This is an "Attributes" discussion. There are two ways to handle this.
The simpler way is to have a BOOLEAN data type for each yes/no attribute and store that in a single record. One record, several fields.
The more complex way would be to make a list of possible attributes with code numbers, then make a parent/child table that is sparsely populated. Any flag would be TRUE if a child record exists for it. You make it false by deleting the child record for that attribute. The child table MIGHT be as simple as two integers, the parent record number as a foreign key and the code number (from a translation table, for example) as a foreign key. That is the ultimate and pure JUNCTION table.
But let's look at normalization (your original comment). If you have 30 yes/no attributes for each primary thing you are tracking, the question is whether you need to "normalize" the 30 fields tha hold your 30 yes/no values. This does not matter whether we are talking 30 byte-integers, 30 yes/no fields, or 30 "packed" bit codes using binary AND, OR, and XOR operators, it is the same question.
I think that in this case, I would vote for the inclusion of 30 yes/no fields in the single record rather than the multiple child records case.
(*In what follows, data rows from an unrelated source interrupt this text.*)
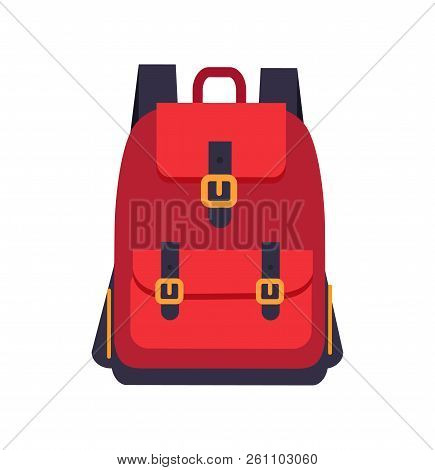Red Backpack With Black Slings Colorful Banner Isolated On White Vector Illustration, Pretty Things 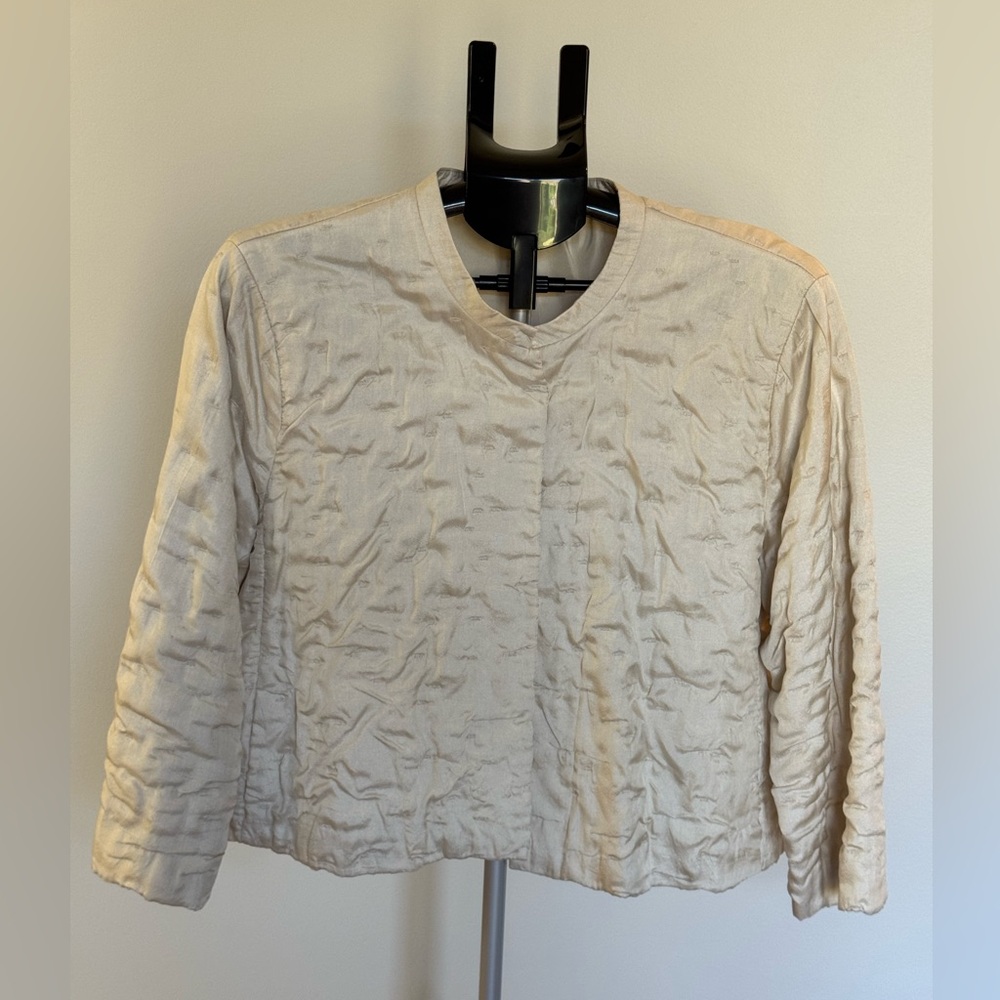 Eileen Fisher Mandarin-Collar Silk Jacket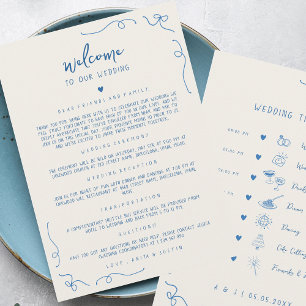 Tarjeta de tiempo de bienvenida de Boda de iconos 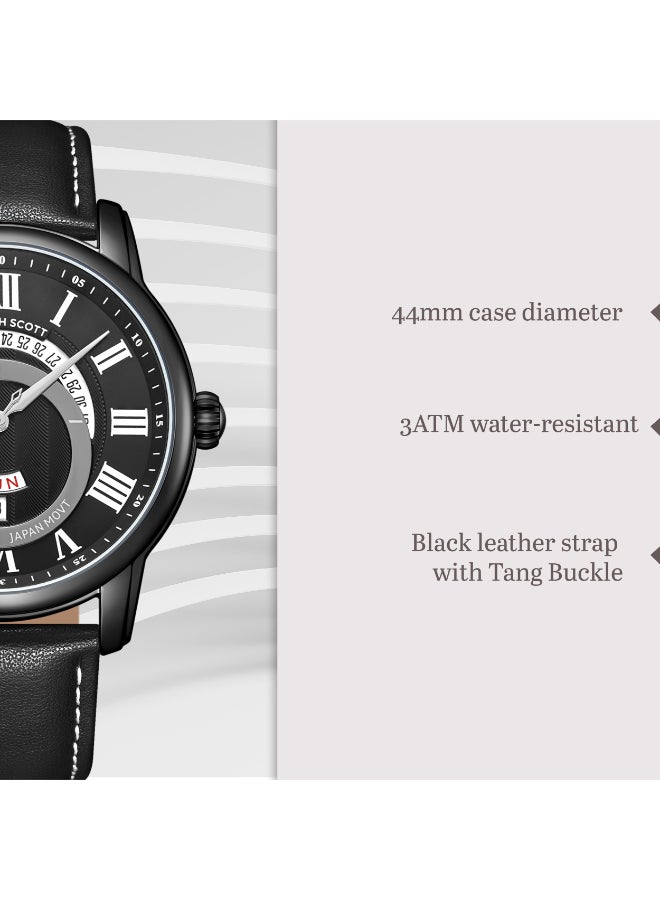 KENNETH SCOTT Men's Leather  Analog Watch K24020-BLBB - 44 mm  - Image 5
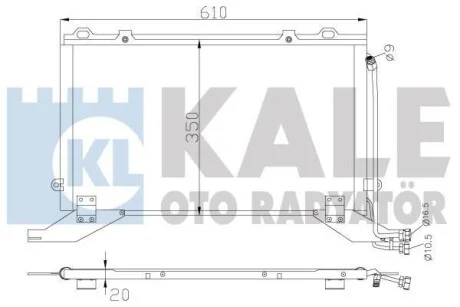 KALE DB Радіатор кондиціонера (конденсатор) W210 для Kale-oto-radyator 343045 фото товара
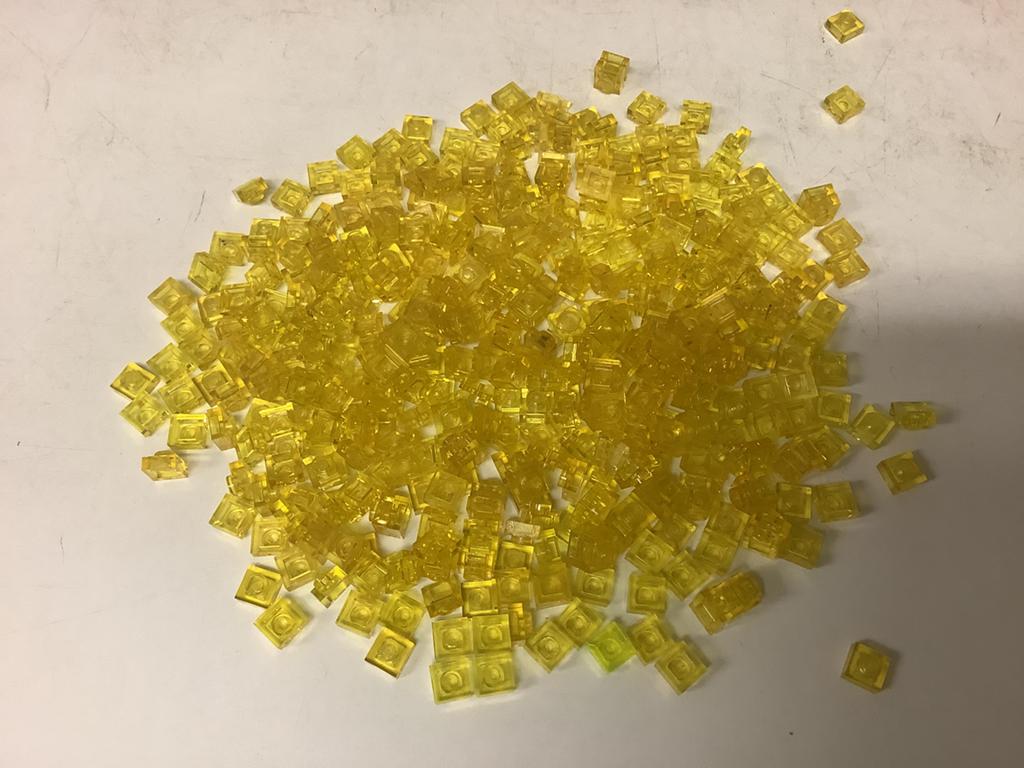Lego plaat 1x1 transparant geel, Ophalen of Verzenden, Gebruikt, Losse stenen, Lego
Here, you have to ask the question about whether you would be violating the rule about "the values in the record must be uniquely relevant to the entity selected by the primary key." I don't think this would be such a violation.
Trying to separate out the attributes would be possible, I suppose, but let's put it in a different perspective. Suppose this was a simple address database where you stored first and last names separately. If you had two people named Smith, would you want to have a table of possible last names and store the index to the correct name? Or if you had two guys named Richard. Would you store an index to the correct first name? No, in both cases you would store the literal value, ignoring the potential for duplicated value in one or both name fields.
Therefore, to my considered opinion, you probably should not bother to try to normalize that aspect of your records any farther. From a practical viewpoint, you can save space by compacting the field into a binary item. Because of the overhead of JUNCTION tables even when you make them SPARSE, it is almost unthinkable that you would save much space by normalizing when compared to creating the JUNCTION tables.
I know this went far afield, but I was attempting to address your issues to normalize or not to normalize... THAT was the question.